▶ Task directions
The answer is to consist only of an exact retyping of the lines from the one containing "Ford Edge - 3" to the end of the entries, without pictures.

▶ Listed entries
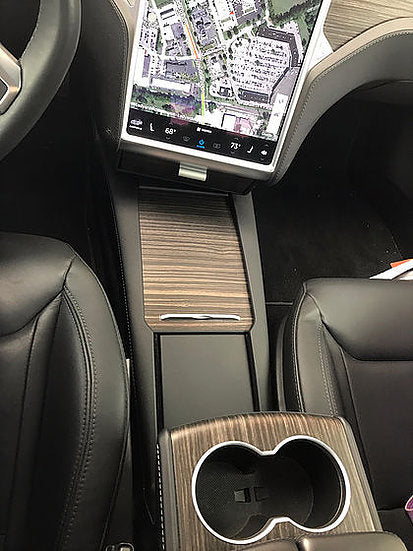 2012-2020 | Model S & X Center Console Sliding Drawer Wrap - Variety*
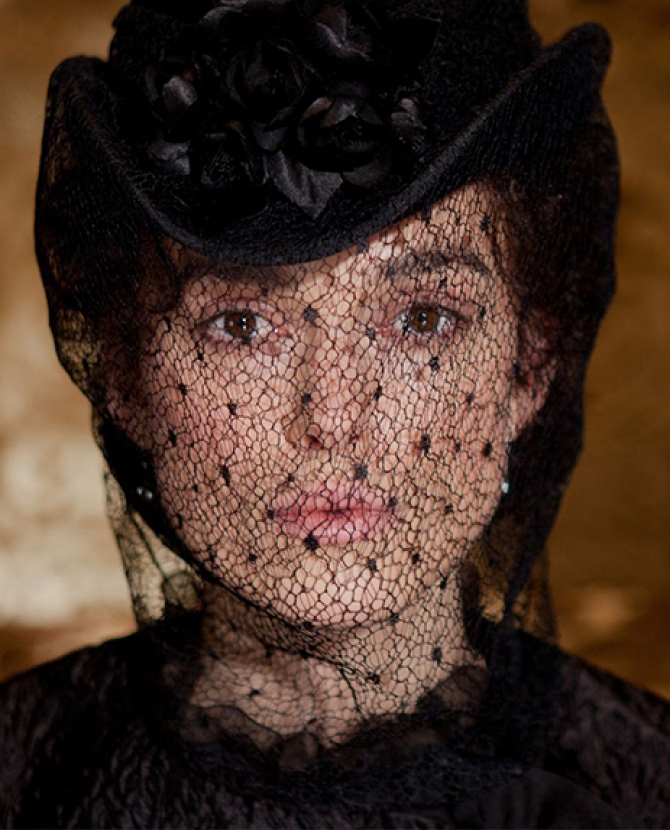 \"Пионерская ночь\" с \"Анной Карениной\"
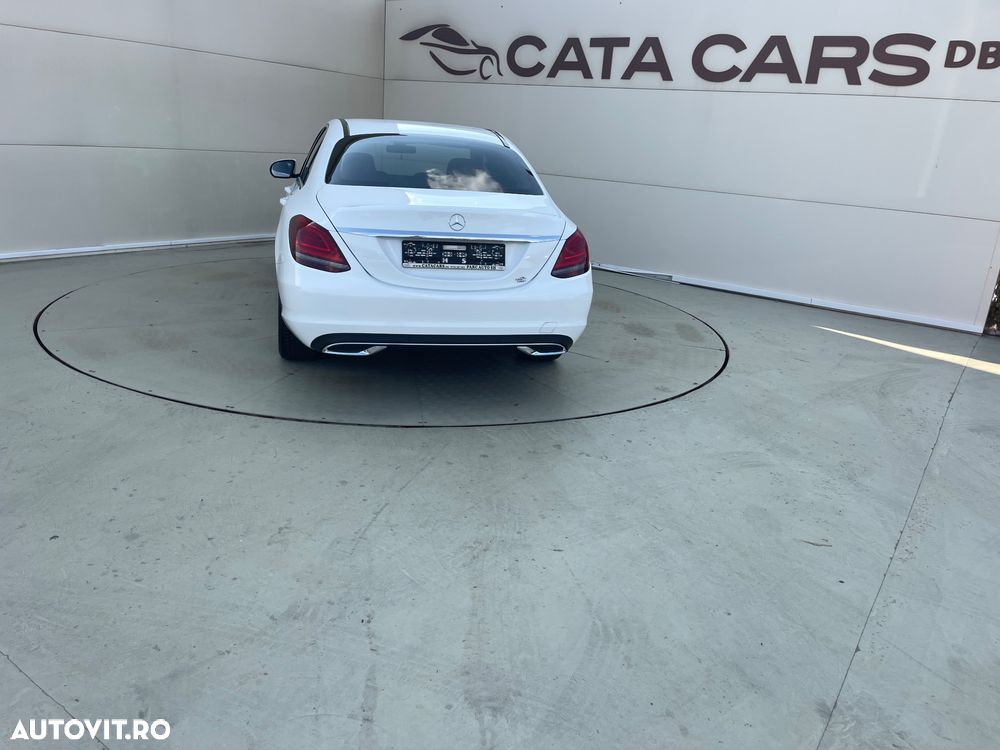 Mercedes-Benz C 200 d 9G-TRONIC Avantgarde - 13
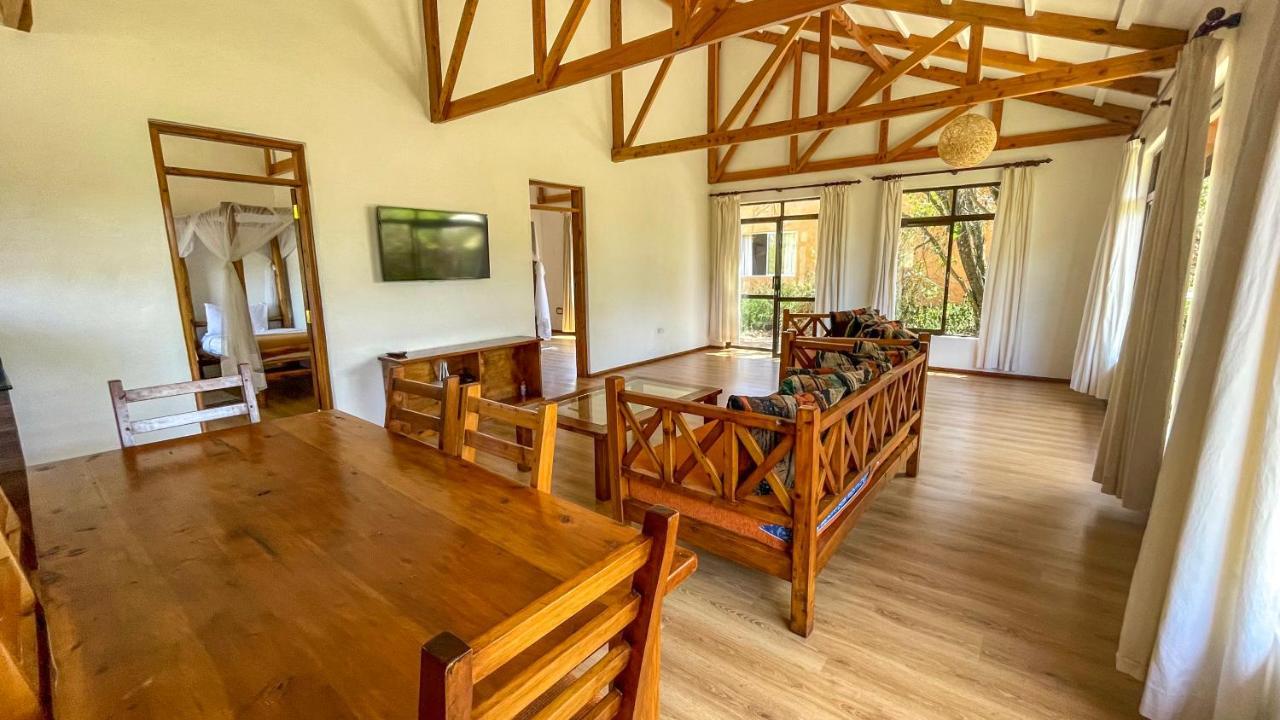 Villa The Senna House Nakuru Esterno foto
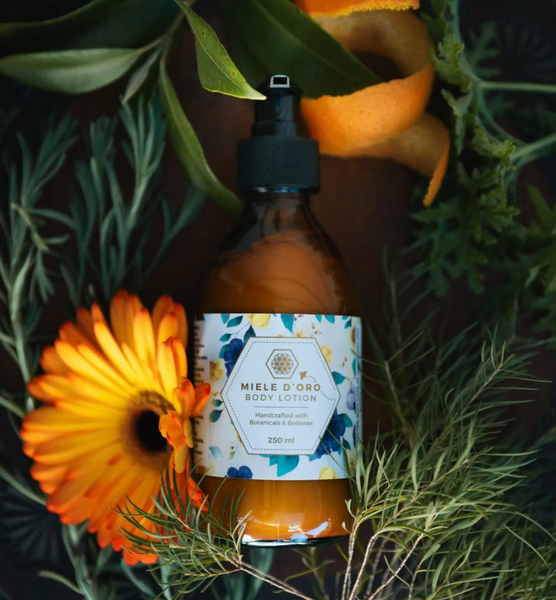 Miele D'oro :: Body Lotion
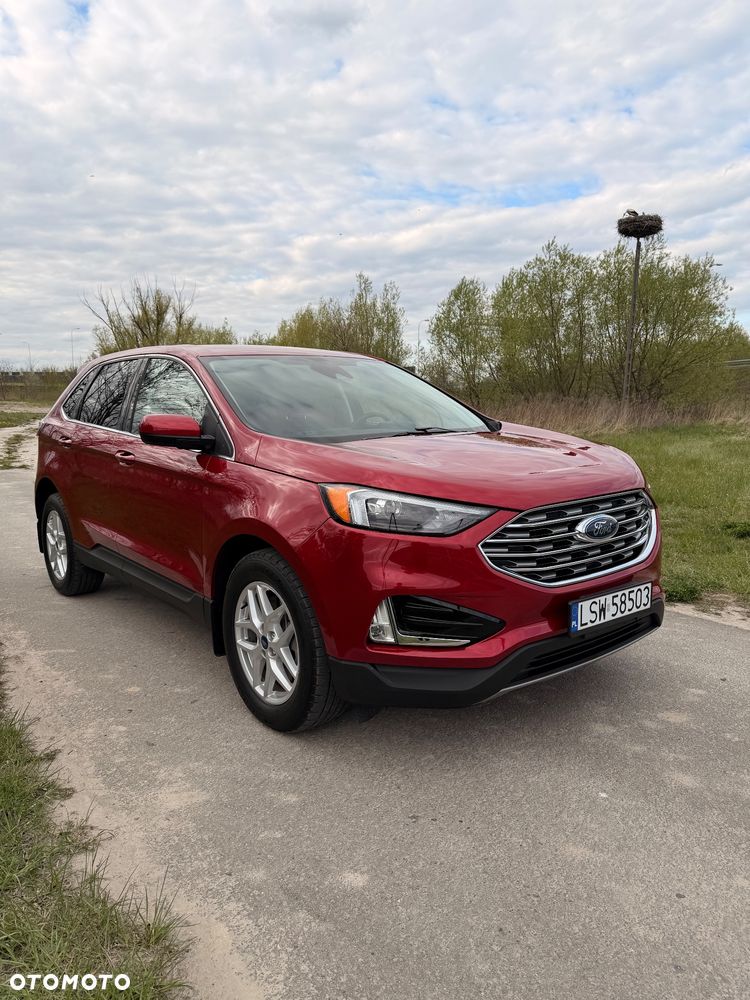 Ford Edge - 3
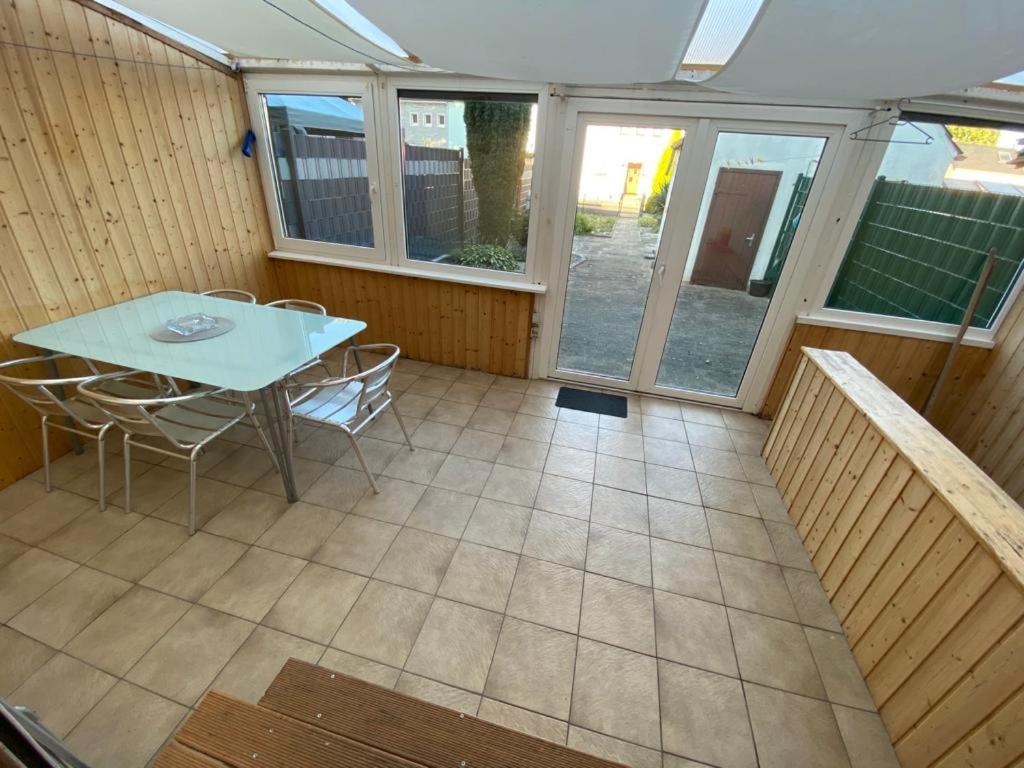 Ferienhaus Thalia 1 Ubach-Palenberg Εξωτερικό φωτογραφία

▶ Expected answer
 Ford Edge - 3
 Ferienhaus Thalia 1 Ubach-Palenberg Εξωτερικό φωτογραφία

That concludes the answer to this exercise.